D’un point de vue technique, les photographies sont prises dans l’instant, sans théâtralisation. Le mouvement des conducteurs est volontairement figé, tandis que les individus en arrière-plan sont flous. Le noir et blanc est choisi en réaction aux reproductions couleurs des grands monuments mondialement connus. Ainsi, les photos retrouvent une aura[5] et une certaine mélancolie. C’est une description modeste de la présence et de la singularité des conducteurs de vélo taxi constamment hors champ dans les photographies prises par les touristes. Conséquemment, les grands monuments et lieux touristiques (Notre-Dame, le grand Palais, la Statut du Général de Gaulle, Le Louvre, les champs Élysée) sont rapportés au second plan pour donner de l’importance aux individus.


[1] Voici quelques exemples de contraventions données, recueillies dans des lettres de contestations qui circulaient auprès de tout conducteur averti : «conduite d’un véhicule à une vitesse excédant l’allure du pas sur un trottoir sur les champs Élysées» (art.413-18 du CR), «un  stationnement dangereux d’un véhicule à la Tour Eiffel suite au plan vigipirate», (art.417.9 du CR).

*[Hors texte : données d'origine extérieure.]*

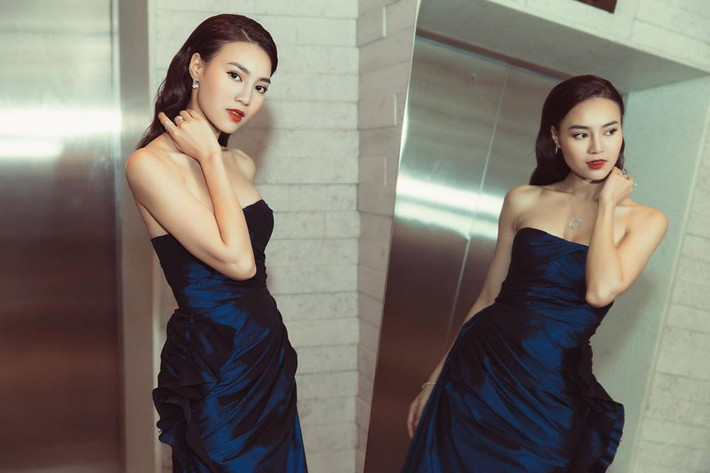 Kiểu đầm quây tôn vòng một căng tròn và đôi vai trần gợi cảm.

[2] La police donnait des contraventions aux conducteurs de vélos taxis, mais ces derniers embarquaient quelquefois les véhicules pour vérifier leurs régularités. Cette pratique touchait en grande majorité les personnes roumaines, de fait on peut aisément la qualifier de discriminante.

[3] La course signifie la balade en vélos taxis des touristes d’un point A à un point B contre rémunération. « Avoir une bonne course » ou parler en nombres de courses fait partie du langage courant des conducteurs.

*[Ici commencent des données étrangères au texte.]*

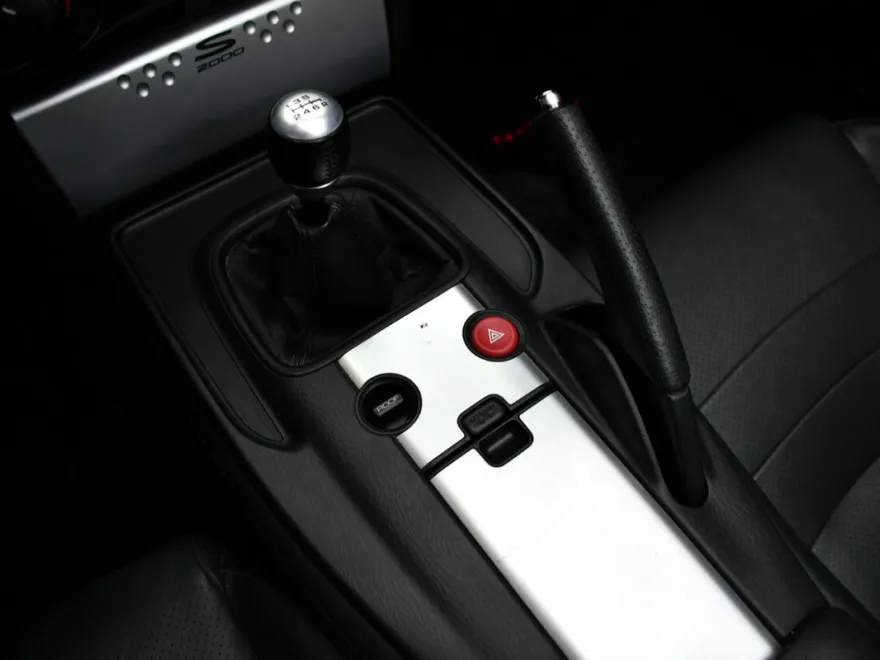 2005 Honda S2000 photo 24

[4] Goffman distingue trois types de stigmates : les monstruosités du corps, les tares du caractère et les stigmates tribaux (nationalité, religion). Le stigmate se construit quand il y a inadéquation entre l’identité réelle et virtuelle. Ainsi, l’individu stigmatisé est ramené à une caractéristique principale (ou statut principal) qui est dépréciée. Le stigmate est donc un produit social créé par l’interaction, les attitudes, le comportement et les croyances d’une personne ou d’un groupe (Goffman, 1963).

[5] L’aura est synonyme d’image authentique qui se fond dans la présence, alors qu’à contrario l’image reproduite se veut pseudo scientifique et réaliste, mais n’a aucun sens. Pour Benjamin, les images authentiques « […] aspirent l’aura du réel comme l’eau d’un bateau qui coule ». (Benjamin, 2012, 39).